(Beginning of DATA SUPPLIED)

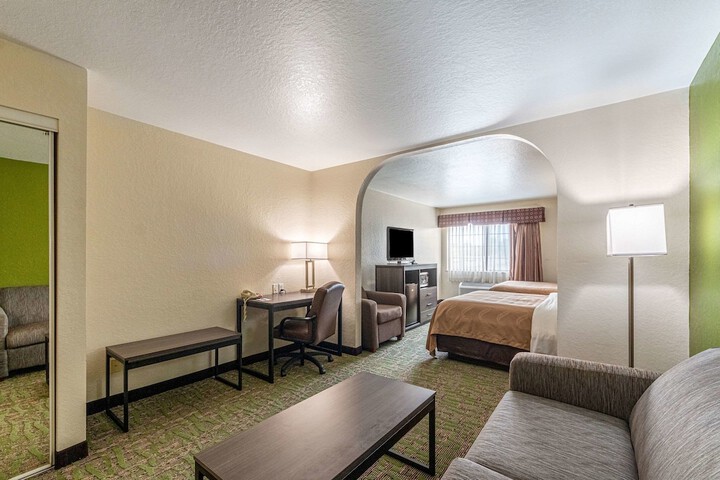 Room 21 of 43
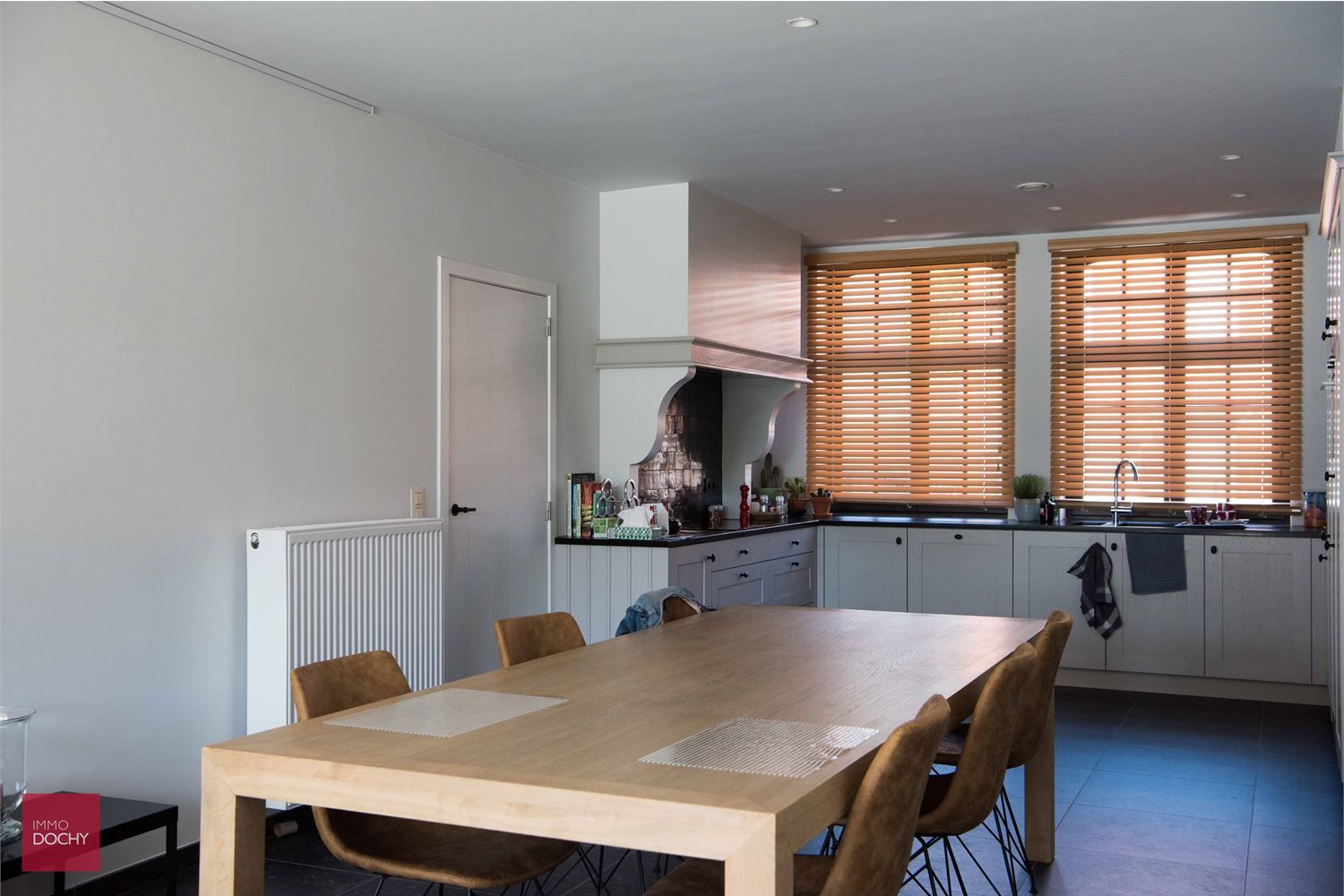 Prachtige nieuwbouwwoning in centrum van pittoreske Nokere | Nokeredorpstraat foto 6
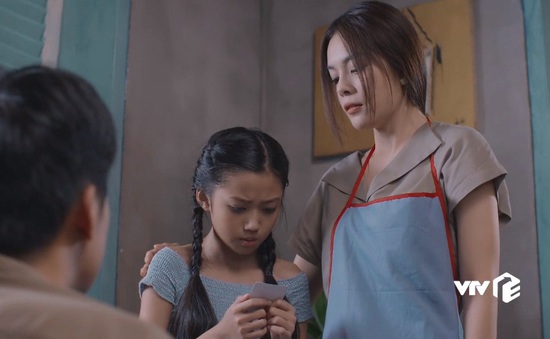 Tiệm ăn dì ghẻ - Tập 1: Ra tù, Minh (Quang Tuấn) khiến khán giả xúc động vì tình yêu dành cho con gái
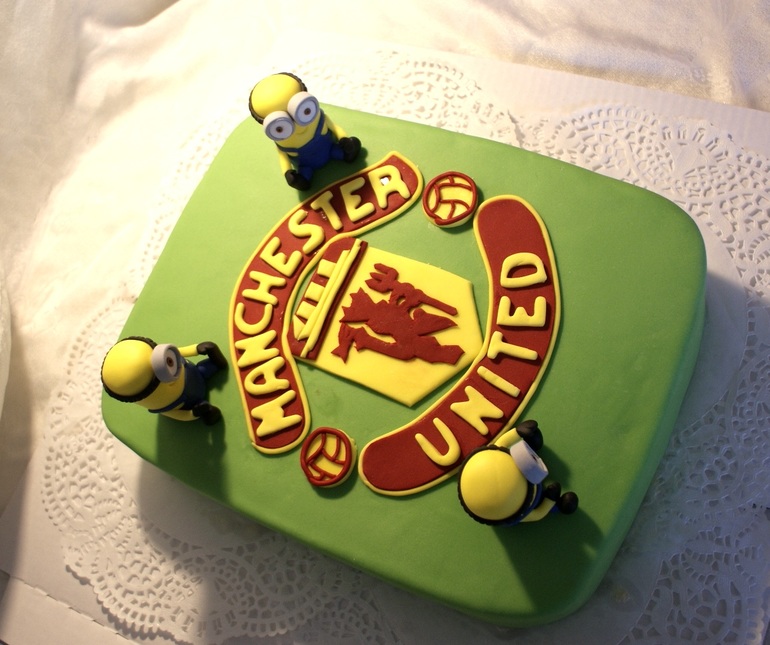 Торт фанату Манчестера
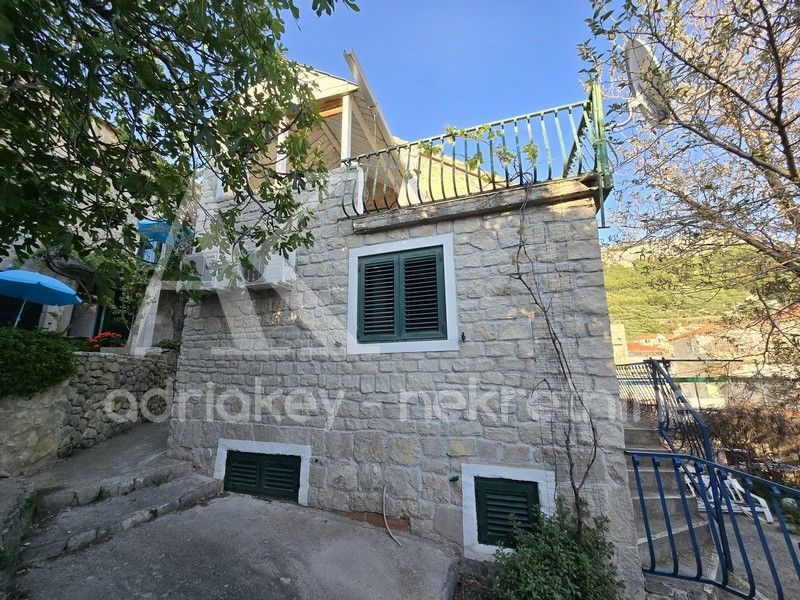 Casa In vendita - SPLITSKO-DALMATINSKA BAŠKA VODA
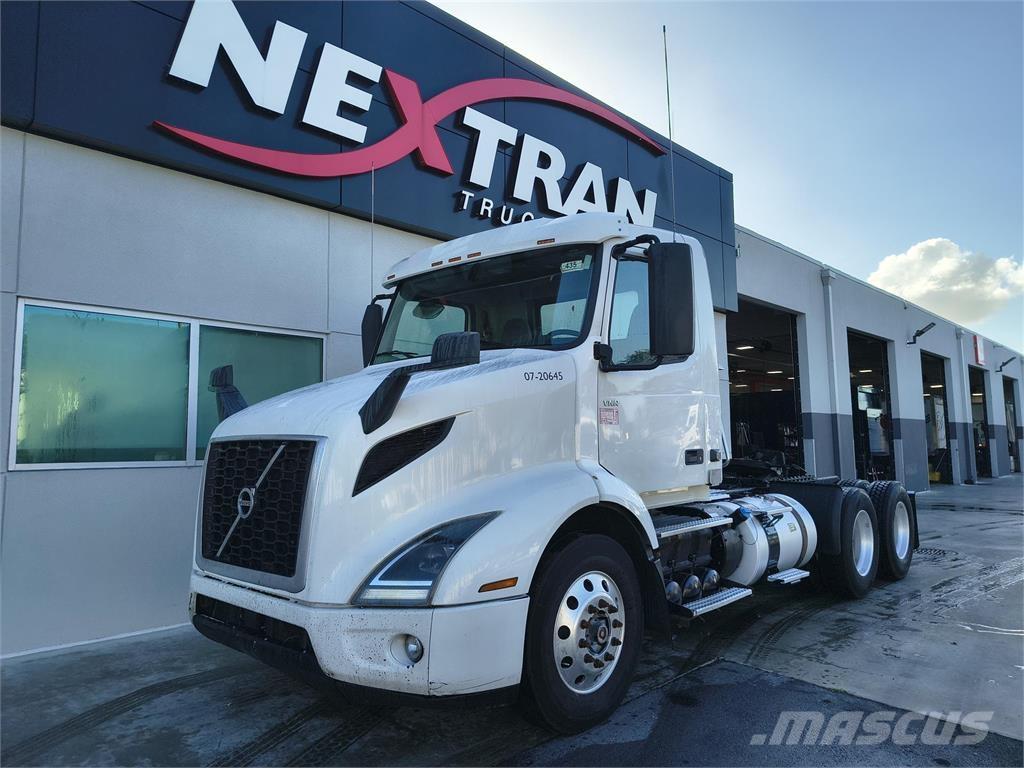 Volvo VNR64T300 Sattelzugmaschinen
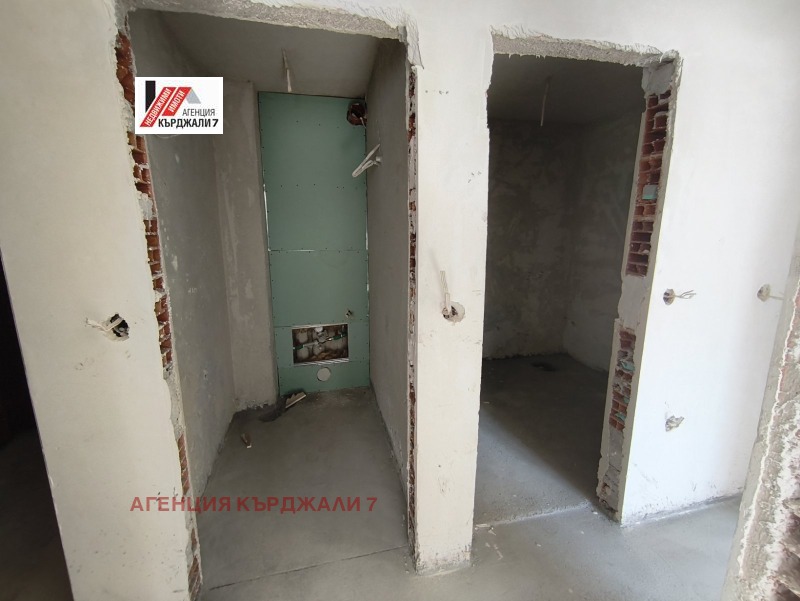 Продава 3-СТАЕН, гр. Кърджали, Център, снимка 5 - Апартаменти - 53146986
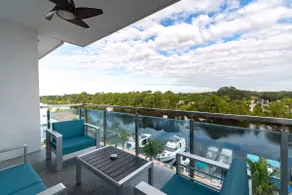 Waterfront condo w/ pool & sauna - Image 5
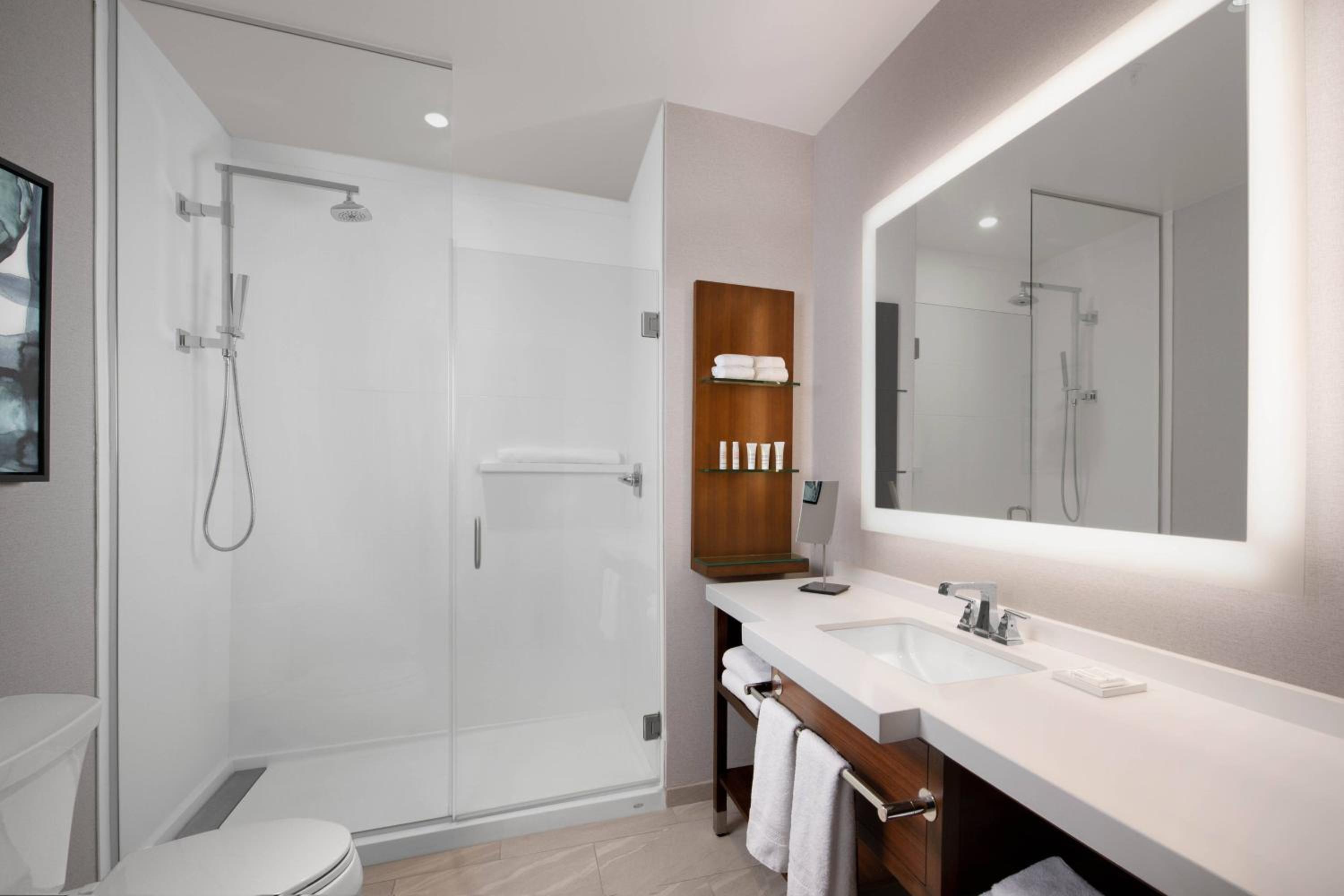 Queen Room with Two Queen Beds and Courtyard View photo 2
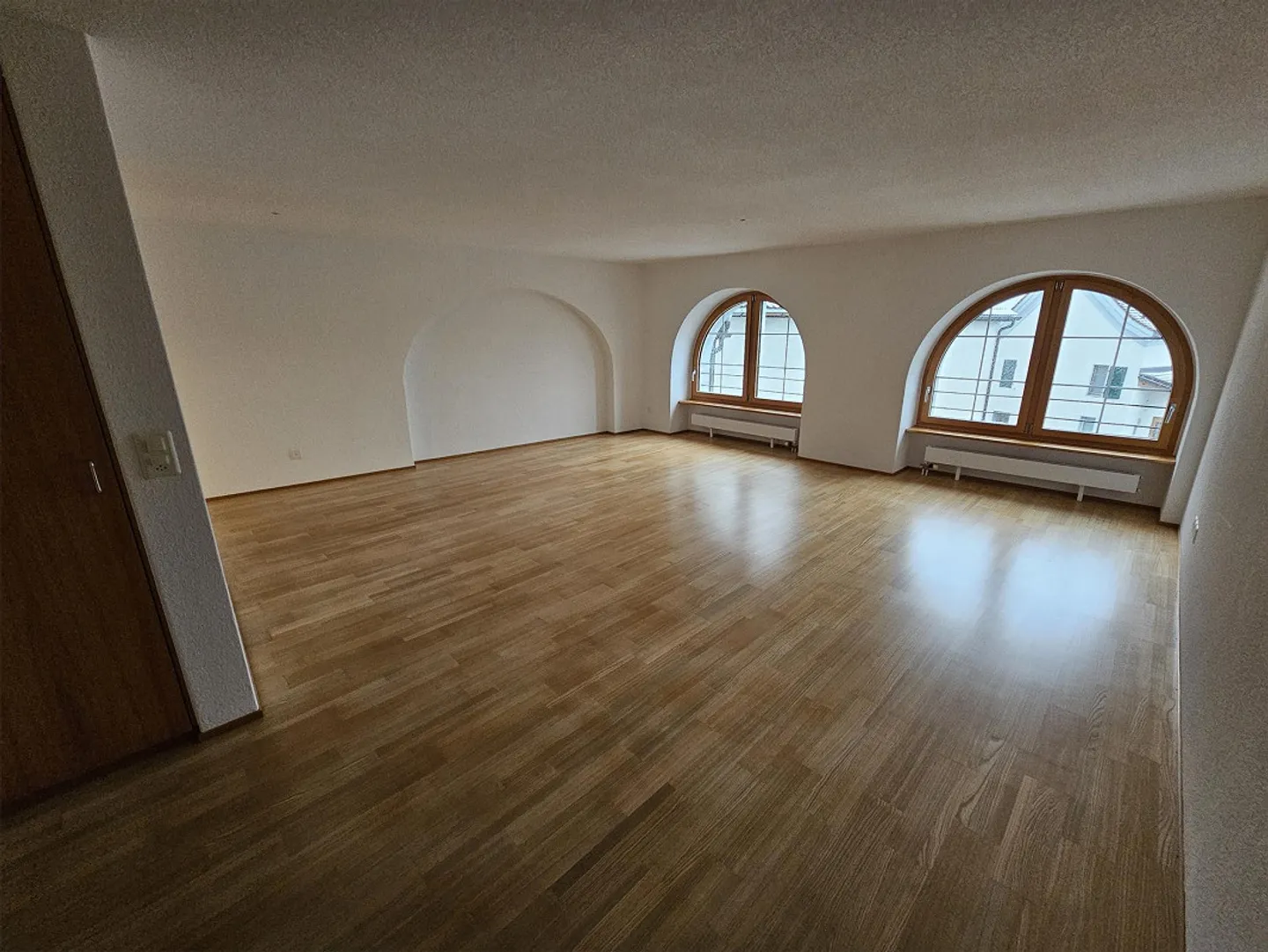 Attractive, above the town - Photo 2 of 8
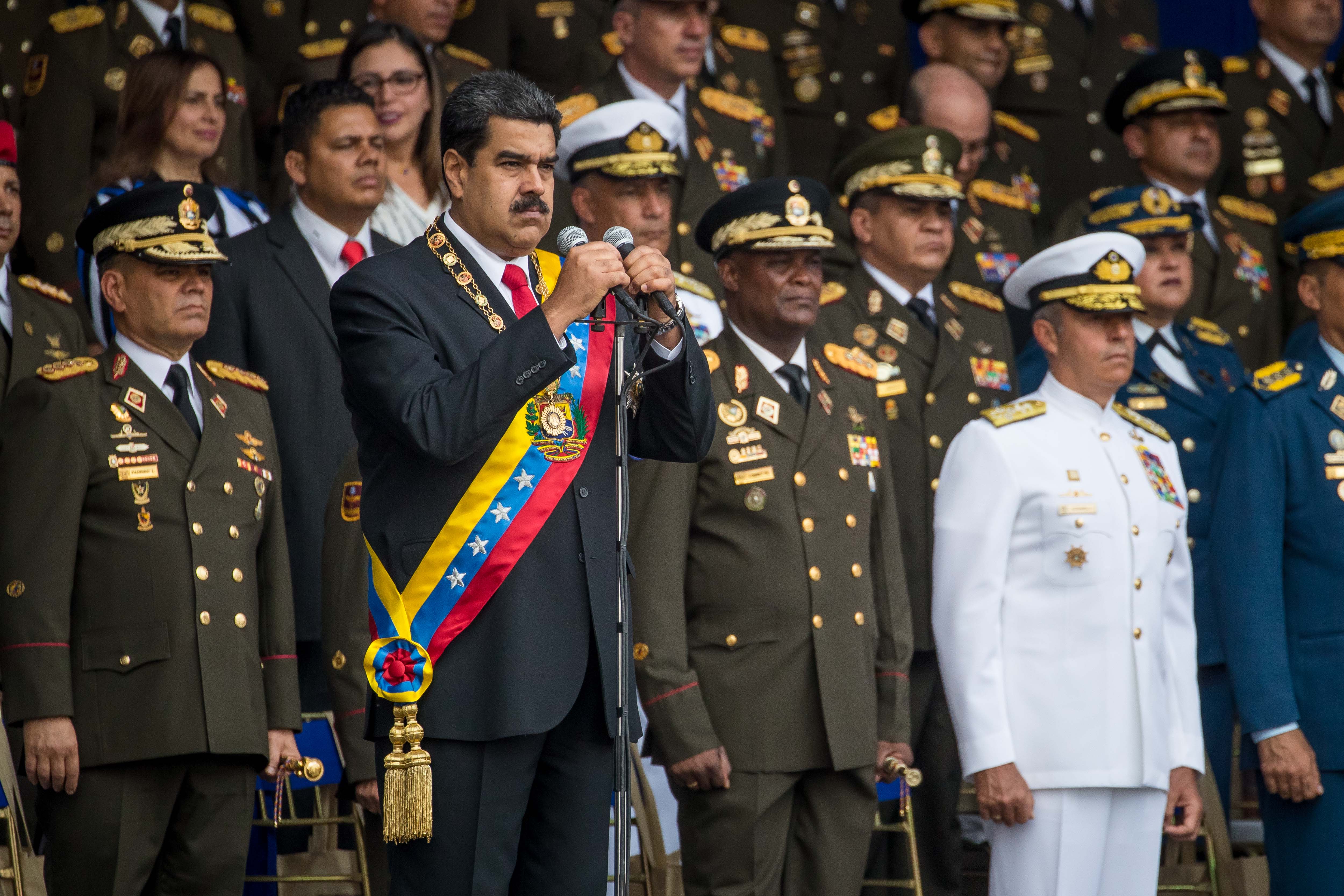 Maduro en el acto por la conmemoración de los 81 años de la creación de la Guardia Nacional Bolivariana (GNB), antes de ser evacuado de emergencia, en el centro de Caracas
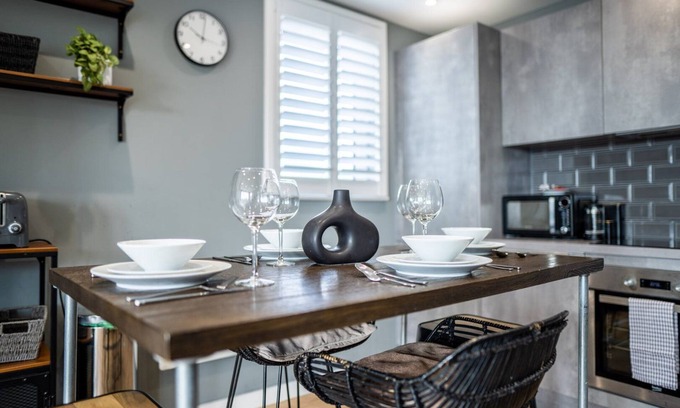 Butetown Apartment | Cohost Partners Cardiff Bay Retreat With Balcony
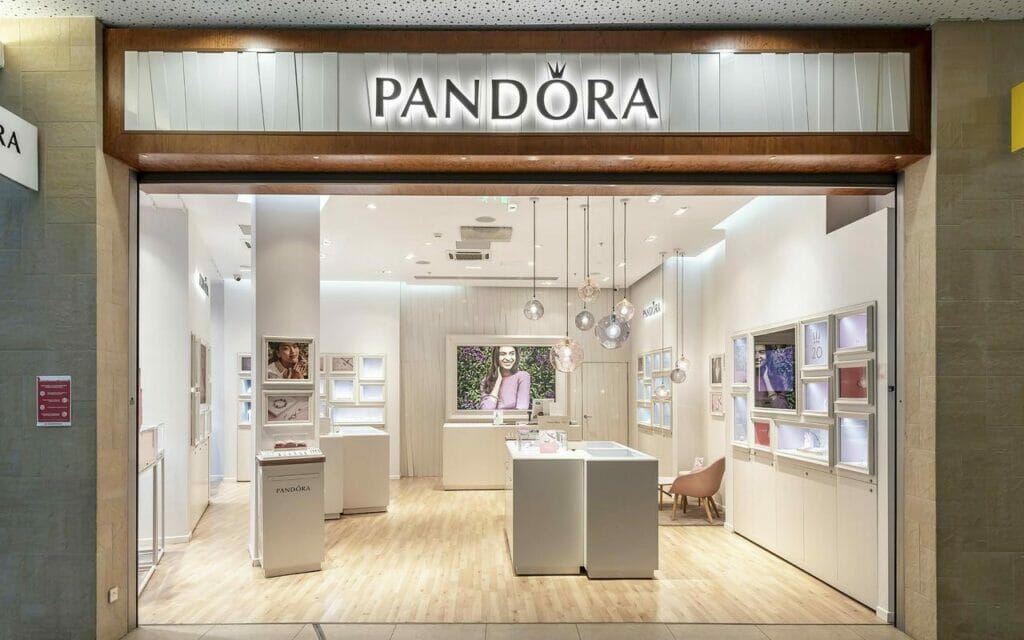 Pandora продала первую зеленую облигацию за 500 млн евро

(End of DATA SUPPLIED)

WORK ORDER: Exact copy, no pictures: please print every record above as written.

TASK OUTPUT:
 Room 21 of 43
 Prachtige nieuwbouwwoning in centrum van pittoreske Nokere | Nokeredorpstraat foto 6
 Tiệm ăn dì ghẻ - Tập 1: Ra tù, Minh (Quang Tuấn) khiến khán giả xúc động vì tình yêu dành cho con gái
 Торт фанату Манчестера
 Casa In vendita - SPLITSKO-DALMATINSKA BAŠKA VODA
 Volvo VNR64T300 Sattelzugmaschinen
 Продава 3-СТАЕН, гр. Кърджали, Център, снимка 5 - Апартаменти - 53146986
 Waterfront condo w/ pool & sauna - Image 5
 Queen Room with Two Queen Beds and Courtyard View photo 2
 Attractive, above the town - Photo 2 of 8
 Maduro en el acto por la conmemoración de los 81 años de la creación de la Guardia Nacional Bolivariana (GNB), antes de ser evacuado de emergencia, en el centro de Caracas
 Butetown Apartment | Cohost Partners Cardiff Bay Retreat With Balcony
 Pandora продала первую зеленую облигацию за 500 млн евро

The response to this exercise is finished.